Thursday, June 13
A Page With Slug "Name" Already Exists Edition
Tech News
- The race is on between massive traditional media corporations and massive new media corporations to determine who can run out of friends first. (Tech Dirt)
It's almost as if none of them ever talk to anyone outside their respective bubbles.
- Either this guy has a hugely overoptimistic view of AI research, a hugely pessimistic view of humanity, or he is profoundly deaf. (Tech Crunch)
The future, ladies and gentlemen.
- SGopher. You know it makes sense.
- The story of a MacBook Pro that had nothing wrong with it. (ZDNet)
Have you tried not turning it off and back on again?
- Google is having second thoughts about handing the entire browser market to its competitors overnight. (ZDNet)
Actually, in this case, it looks like first thoughts.
- So, does Sydney not suck or does the letter it just signed backing digital rights suck? (ZDNet)
Hmm. The letter is not terrible. I'd have worded it a little differently, but it's arguing for equal access, not equal outcome.
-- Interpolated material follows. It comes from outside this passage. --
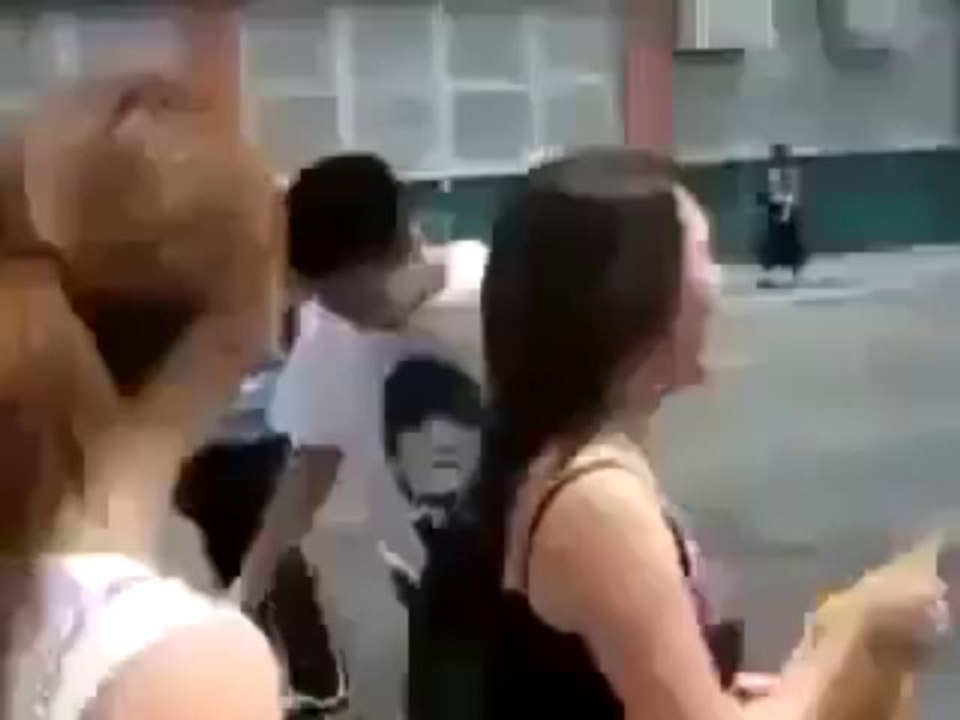 Can You Do This.. Amazing Trick... Must Watch.. - Watch Facebook Videos - Download - Share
- The story of a MacBook Air that had everything wrong with it. (Thurrott.com)
(It's behind a semi-paywall; if you register for free you can read three premium articles a month.)
Short version: He installed the MacOS Catalina beta on a six month old MacBook Air and the magic smoke escaped. Dead as a doornail.
- Bored. It's been days since anyone radically reinvented computer hardware. Come on, people!
Music Video of the Day Inspired by Jay
Posted by: Pixy Misa at
10:25 PM
| Comments (10)
| Add Comment
| Trackbacks (Suck)
Post contains 276 words, total size 3 kb.
https://www.youtube.com/watch?v=q260bjSiyq0
Posted by: Jay at Thursday, June 13 2019 11:30 PM (mrlXS)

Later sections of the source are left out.